Roma, Teatro Brancaccio, 17 e 18 novembre 2015
Metti una sera a teatro con tantissimi amici, metti che lo spettacolo in questione è uno spettacolo di danza e metti che alcuni di questi non abbiano mai visto un balletto. Quante possibilità ci sono che lo spettacolo piaccia a tutta la comitiva?
Poche sicuramente. E invece con l’ultimo lavoro della compagnia BJM (Le ballet Jazz de Montreal) andato in scena il 17 e il 18 novembre al teatro Brancaccio di Roma, il miracolo si è compiuto.

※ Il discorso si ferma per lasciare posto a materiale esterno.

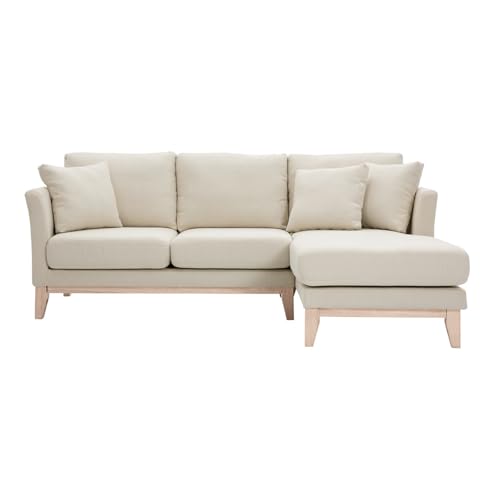 Miliboo Canapé d'angle Droit déhoussable 4 Places en Tissu Beige et Bois Clair Oslo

Tutti ma proprio tutti hanno apprezzato lo spettacolo ed alcuni erano veramente estasiati soprattutto chi si intendeva parecchio di arte tersicorea.
Tre coreografie per tre coreografi diversi, tra i migliori e più quotati del panorama contemporaneo. Tre stili e modi di concepire la danza distanti che però hanno dato vita ad uno spettacolo perfetto che presenta lavori di altissimo livello.
La prima coreografia – Mono Lisa – firmata dall’israeliano Itzik Galili è la più canonica: un bellissimo pas de deux post moderno dove al posto delle musiche di Chopin o Mozart ci sono suoni graffianti e ingigantiti di macchine da scrivere. Danzato magnificamente da due danzatori della compagnia con tanto di scarpe da punta per quel che riguarda la donna, è giocato sulla tecnica classica-jazz senza risultare minimamente datato.
Per quanto riguarda il secondo pezzo dal titolo Kosmos e coreografato dal greco Andonis Foniadakis, si può dire che sia il più interessante dal punto di vista del movimento. Su musiche originali di Julien Tarride si articola su numerosi quadri diversi in cui si alternano momenti di danza corale, assoli e pas de deux tutti caratterizzati da un ritmo incalzante senza soluzione di continuità, neanche al rallentare della musica. La bravura dei ragazzi della compagnia è assoluta, tutti molto giovani ma tutti già grandi professionisti.
Dopo una piccola pausa ecco il turno della terza coreografia denominata Harry dal forte sapor di teatro danza, dove alcuni artisti si sono anche cimentati in piccoli momenti di recitazione in italiano. Ad opera di Barak Marshall anche qui il lavoro è organizzato in diversi momenti narrativi dove si raccontano i dolori e gli amore dell’uomo in tono scherzoso e a tratti un po’ grottesco. Bellissima la scelta dei brani musicali che spaziano tra gli altri da Taraf Ionel Budisteanu a Balkan Beat Box, o da Goran Bregovic a Maria Callas, il tutto ambientato come suggerivano i bellissimi costumi di Anne Marie Veevaete negli anni anni ’50.
Danza, danza e ancora danza. Uno spettacolo pulito e onesto che senza alcuna gigioneria volta ad affascinare il pubblico, lo cattura e lo esalta unicamente grazie alla grandissima qualità che porta in scena.